By: Mark Fitzgerald
E.W. Scripps Co. reported Thursday that its total newspaper revenue for the second quarter fell 13% to $144, fueled by a 15% drop in ad revenue at papers managed solely by the Cincinnati-based publisher.
E.W. Scripps earlier this month spun off its lifestyle cable networks and online businesses into a new publicly traded company called Scripps Networks Interactive. The companies will begin reporting separate results in the third quarter of this year.
Scripps said classified newspaper advertising revenue fell 21% to $38.5 million. In a conference call, the head of its newspaper segment, Mark Contrares said real estate classified was down 39%, and help-wanted was down 29%.
“Local” advertising was down 13% to $30.8 million, Scripps said, with national down 20% to $6.7 million
Preprint and “other” ad revenue fell 7.9% to $35.9 million.
Online revenue, which Scripps includes in the preprint and other category, was $9.9 million, down 8.0% from the second quarter of 2007 on weakness in classified advertising categories.
Circulation revenue was $28.0 million, down 5.4%.
Profit at newspapers managed solely by Scripps fell to $19.1 million from $29.3 million in the year-ago quarter.
Scripps said its loss from its joint operating agreement (JOA) in Denver and newspaper partnerships increased to $2.7 million from a profit of $900,000 a year ago.

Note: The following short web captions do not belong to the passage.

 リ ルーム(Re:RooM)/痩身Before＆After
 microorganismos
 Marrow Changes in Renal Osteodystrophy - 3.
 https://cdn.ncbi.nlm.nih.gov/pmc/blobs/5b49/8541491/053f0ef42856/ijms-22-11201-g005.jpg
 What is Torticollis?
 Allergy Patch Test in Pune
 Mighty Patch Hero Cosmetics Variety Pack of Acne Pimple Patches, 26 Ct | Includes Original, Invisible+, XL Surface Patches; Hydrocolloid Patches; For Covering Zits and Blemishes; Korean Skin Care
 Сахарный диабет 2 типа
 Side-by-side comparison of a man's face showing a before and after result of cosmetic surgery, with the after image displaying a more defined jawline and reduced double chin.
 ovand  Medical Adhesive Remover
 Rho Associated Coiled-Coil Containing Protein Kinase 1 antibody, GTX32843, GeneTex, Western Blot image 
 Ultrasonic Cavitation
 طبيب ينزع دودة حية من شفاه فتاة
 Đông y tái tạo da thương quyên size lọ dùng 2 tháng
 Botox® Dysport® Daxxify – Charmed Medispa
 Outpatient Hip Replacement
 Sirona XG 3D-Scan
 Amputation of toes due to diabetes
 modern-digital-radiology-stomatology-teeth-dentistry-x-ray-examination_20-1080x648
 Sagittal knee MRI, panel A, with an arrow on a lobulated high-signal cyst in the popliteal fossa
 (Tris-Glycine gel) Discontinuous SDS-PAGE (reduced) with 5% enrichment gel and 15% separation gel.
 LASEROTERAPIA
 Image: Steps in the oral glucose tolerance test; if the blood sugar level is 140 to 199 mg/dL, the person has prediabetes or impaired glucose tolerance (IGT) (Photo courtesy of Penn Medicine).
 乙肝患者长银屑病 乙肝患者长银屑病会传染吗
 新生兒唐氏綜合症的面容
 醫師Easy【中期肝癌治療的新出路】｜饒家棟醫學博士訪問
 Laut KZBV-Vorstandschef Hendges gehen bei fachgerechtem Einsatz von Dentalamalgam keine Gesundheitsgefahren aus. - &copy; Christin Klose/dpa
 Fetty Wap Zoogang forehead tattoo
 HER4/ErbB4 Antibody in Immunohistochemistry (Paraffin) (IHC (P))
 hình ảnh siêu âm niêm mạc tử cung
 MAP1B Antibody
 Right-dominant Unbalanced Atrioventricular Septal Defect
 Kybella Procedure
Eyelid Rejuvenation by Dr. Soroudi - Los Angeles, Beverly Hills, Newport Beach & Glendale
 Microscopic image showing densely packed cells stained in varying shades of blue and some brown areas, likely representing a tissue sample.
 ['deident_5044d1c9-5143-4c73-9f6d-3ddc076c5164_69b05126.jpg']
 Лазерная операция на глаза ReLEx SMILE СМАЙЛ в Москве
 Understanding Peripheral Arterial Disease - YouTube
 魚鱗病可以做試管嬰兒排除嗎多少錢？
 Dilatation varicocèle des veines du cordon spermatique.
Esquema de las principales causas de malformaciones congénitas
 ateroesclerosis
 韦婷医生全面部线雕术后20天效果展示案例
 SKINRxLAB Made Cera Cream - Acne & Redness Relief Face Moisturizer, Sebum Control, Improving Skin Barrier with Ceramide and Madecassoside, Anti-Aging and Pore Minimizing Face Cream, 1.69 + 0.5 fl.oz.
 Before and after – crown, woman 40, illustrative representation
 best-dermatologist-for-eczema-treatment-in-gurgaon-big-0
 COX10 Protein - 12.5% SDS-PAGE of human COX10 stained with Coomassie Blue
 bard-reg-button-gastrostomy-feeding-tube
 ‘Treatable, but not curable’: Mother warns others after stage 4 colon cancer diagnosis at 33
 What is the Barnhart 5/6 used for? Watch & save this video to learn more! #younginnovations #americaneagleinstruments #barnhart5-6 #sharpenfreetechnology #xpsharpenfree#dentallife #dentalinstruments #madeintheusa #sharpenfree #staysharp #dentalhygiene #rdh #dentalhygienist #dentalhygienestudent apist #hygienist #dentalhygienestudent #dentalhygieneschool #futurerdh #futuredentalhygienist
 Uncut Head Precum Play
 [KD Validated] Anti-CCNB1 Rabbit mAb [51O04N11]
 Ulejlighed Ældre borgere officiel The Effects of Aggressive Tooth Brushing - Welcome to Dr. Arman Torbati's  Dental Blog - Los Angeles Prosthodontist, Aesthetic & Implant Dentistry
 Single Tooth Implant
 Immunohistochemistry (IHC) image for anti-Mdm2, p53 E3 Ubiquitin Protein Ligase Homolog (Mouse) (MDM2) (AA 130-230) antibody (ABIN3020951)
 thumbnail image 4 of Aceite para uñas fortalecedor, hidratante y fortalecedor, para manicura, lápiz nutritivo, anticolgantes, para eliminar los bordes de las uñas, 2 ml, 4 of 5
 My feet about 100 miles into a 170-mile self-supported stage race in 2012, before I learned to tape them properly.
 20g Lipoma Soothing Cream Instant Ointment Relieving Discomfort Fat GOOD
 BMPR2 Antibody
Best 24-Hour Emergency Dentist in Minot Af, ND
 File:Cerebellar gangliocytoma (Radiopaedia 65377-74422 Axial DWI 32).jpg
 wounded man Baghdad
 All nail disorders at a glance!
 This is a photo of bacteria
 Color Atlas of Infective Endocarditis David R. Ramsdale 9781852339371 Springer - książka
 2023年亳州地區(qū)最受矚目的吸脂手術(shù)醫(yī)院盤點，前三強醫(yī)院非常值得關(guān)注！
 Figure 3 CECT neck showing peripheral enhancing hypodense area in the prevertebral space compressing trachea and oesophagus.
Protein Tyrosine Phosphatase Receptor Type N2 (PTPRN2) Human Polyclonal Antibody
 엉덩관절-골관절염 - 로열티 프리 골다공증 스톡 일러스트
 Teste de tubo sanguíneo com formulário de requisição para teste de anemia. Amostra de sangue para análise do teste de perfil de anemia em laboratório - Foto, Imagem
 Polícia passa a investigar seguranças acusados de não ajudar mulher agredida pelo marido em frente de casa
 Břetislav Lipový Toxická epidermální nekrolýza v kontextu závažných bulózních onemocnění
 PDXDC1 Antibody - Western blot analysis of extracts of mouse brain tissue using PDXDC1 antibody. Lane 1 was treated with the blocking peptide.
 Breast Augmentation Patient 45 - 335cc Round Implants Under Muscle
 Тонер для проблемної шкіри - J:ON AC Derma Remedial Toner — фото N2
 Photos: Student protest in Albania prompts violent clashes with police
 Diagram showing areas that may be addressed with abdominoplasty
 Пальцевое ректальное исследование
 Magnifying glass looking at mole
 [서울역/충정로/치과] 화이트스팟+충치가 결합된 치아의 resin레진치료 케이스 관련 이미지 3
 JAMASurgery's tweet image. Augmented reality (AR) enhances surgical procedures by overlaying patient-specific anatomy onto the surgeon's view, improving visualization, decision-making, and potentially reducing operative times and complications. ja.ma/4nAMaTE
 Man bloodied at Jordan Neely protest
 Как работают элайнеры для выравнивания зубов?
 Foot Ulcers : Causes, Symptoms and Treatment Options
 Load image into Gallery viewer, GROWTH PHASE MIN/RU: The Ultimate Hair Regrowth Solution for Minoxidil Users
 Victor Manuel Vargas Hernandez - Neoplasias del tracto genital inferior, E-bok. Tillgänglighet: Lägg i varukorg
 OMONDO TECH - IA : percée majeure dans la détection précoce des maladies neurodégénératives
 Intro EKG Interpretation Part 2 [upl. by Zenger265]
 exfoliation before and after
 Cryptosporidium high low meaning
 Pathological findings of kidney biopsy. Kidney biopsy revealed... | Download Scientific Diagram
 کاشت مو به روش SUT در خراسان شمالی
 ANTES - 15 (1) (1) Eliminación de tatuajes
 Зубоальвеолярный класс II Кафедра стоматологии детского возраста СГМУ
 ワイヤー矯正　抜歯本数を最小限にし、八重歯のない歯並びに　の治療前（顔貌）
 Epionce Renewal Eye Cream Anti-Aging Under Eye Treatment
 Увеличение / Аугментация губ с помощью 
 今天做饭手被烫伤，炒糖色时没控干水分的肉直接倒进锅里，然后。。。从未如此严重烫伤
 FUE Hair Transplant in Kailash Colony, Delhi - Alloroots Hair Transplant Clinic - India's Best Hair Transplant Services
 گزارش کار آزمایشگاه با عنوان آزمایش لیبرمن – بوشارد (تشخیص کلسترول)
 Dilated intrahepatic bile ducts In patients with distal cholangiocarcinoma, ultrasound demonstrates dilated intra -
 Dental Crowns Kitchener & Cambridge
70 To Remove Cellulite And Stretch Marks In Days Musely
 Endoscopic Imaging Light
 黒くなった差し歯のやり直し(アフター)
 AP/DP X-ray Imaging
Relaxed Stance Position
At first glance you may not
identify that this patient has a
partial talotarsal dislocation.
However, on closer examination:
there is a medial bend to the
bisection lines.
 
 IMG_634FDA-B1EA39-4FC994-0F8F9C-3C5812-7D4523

In a conference call, E.W. Scripps CFO Tim Stautberg said the company expects to have continuing losses from its JOA and partnerships in the third quarter.
E.W. Scripps had net debt of $51 million, he added.
Asked if Scripps will cut its dividend in the face of continuing weakness, Stautberg said its target is a payout of 50% of free cashflow. The company had anticipated a 70 cent- to 80 cent-per-share dividend, he said.
Contreras said Scripps anticipates its performance in the third quarter will be similar to Q2, while there will be a “very slight” improvement in the fourth quarter.